The thought of our fellowship in the intercession of Jesus reminds us of what He has taught us more than once before. All these wonderful prayer-promises have the glory of God, in the manifestation of His Kingdom and the salvation of sinners, as their aim. As long as we pray chiefly for ourselves, the promises of the last night must remain a sealed book to us. The promises are given to the fruit-bearing branches of the Vine, to disciples sent into the world to live for perishing men as the Father sent Him, to His faithful servants and intimate friends who take up the work He leaves behind. Like their Lord, they have become seed-corn, losing their lives to multiply them.
Let us each find out what our work is, and which souls are entrusted to our special prayers. Let us make our intercession for them our life of fellowship with God. We will not only discover the truth to the promises of power in prayer. We will begin to realize how our abiding in Christ and His abiding in us makes us share in His own joy of blessing and saving men.
O most wonderful intercession of our Blessed Lord Jesus! We not only owe everything to that intercession, but in it we are taken up as active partners and fellow-workers! Now we understand what it is to pray in the Name of Jesus, and why it has such power. To pray in His Name, in His Spirit,in Himself, and in perfect union with Him is the active and effective intercession of Christ Jesus. When will we ever be wholly taken up into it?
Lord, teach us to pray!
Blessed Lord! In lowly adoration I again bow before You. All of Your work of redemption has now passed into prayer. You are completely occupied with praying, to maintain and dispense what You purchased with Your blood. You live to pray. And because we abide in You, we have direct access to the Father. Our lives can be lives of unceasing prayer, and the answer to our prayer is certain.

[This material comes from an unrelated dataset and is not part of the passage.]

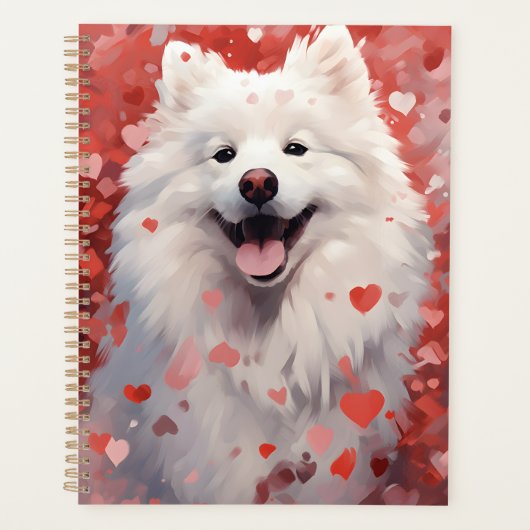 Samoyed Valentijnsdag Planner (Voorkant)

Blessed Lord! You have invited Your people to be Your fellow-workers in a life of prayer. You have united Yourself with Your people. As Your Body, they share the ministry of intercession with You. Only through this ministry can the world be filled with the fruit of Your redemption and the glory of the Father. With more liberty than ever I come to You, my Lord, and plead with You to teach me to pray. Your life is prayer; Your life is mine. Lord! Teach me to pray in You and like You.

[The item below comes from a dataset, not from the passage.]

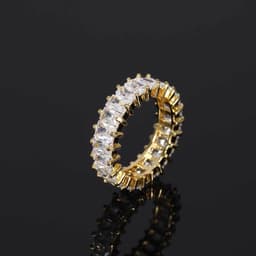 image-European Hip-Hop 6mm T-Square Zircon Ring Gold Plated Unisex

And, O my Lord! Let me know, just as You promised Your disciples, that You are in the Father, I am in You, and You are in me. Let the uniting power of the Holy Spirit make my whole life an abiding in You and in Your intercession. May my prayer be its echo, so that the Father hears me in You and You in me. Lord Jesus! In everything, let Your mind be in me! In everything, let my life be in Y ou! In this way, I will be prepared to be the channel, Through which Your intercession pours its blessing on the world. Amen.